[Prompt]:
Would you transcribe the entries below, beginning at the line with "Sparkling Initial & Star Charm Necklace" and ending after the line with "Grilled Chicken Skewers", exactly, with no picture and nothing more?

[Source material]:
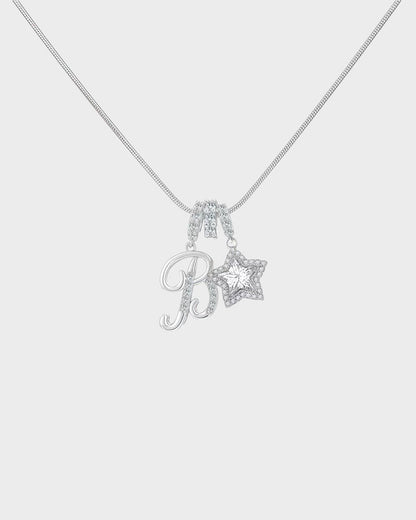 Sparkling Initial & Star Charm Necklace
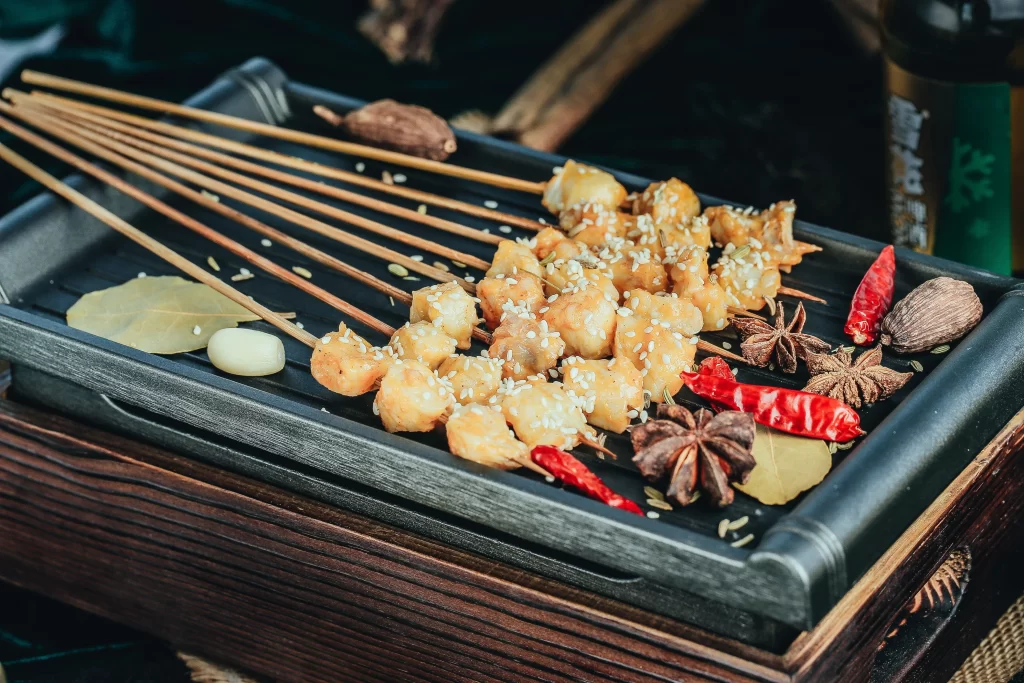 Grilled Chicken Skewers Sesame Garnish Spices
---
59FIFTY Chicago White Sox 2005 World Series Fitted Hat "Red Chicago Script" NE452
...
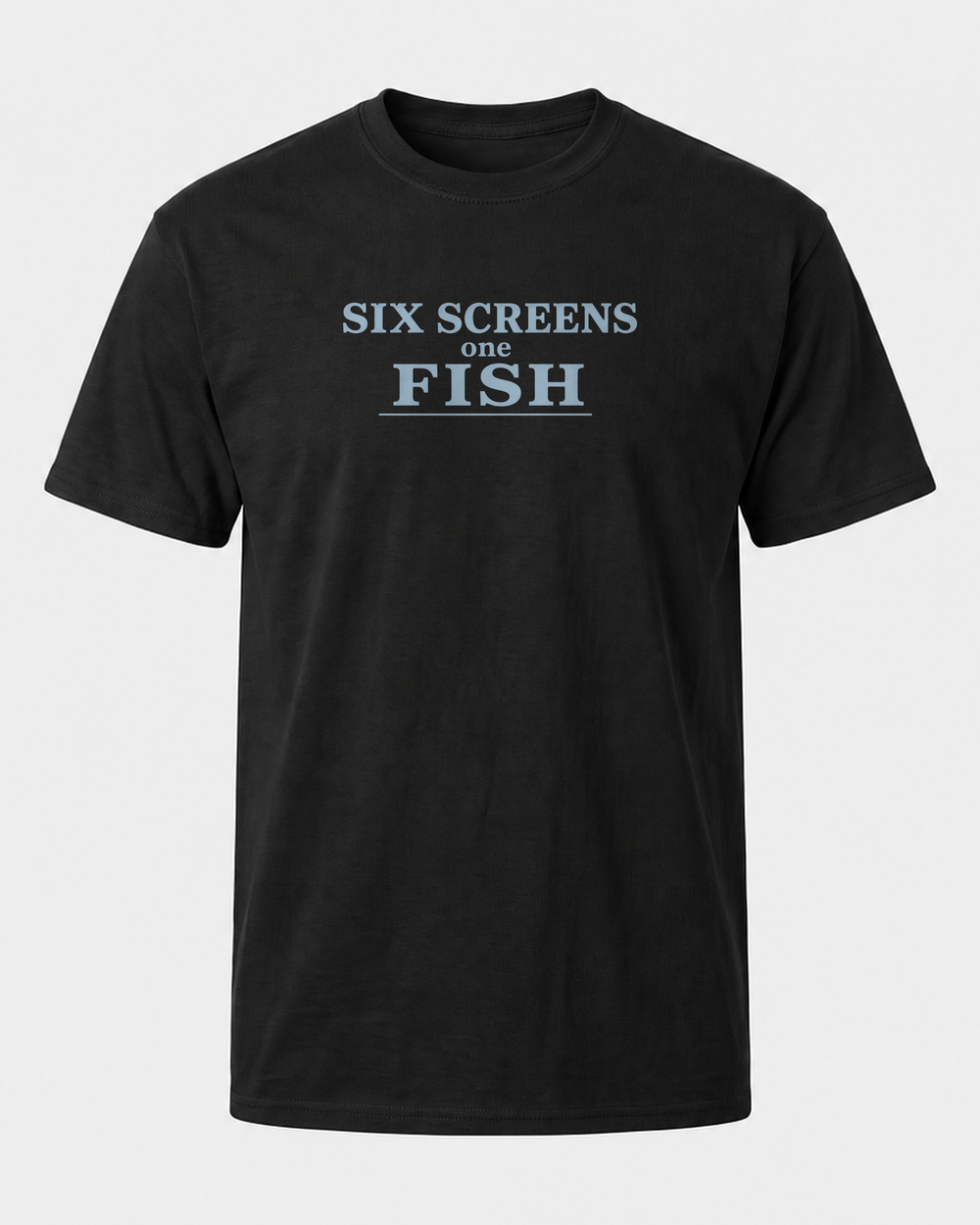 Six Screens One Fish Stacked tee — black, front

[Expected answer]:
 Sparkling Initial & Star Charm Necklace
 Grilled Chicken Skewers Sesame Garnish Spices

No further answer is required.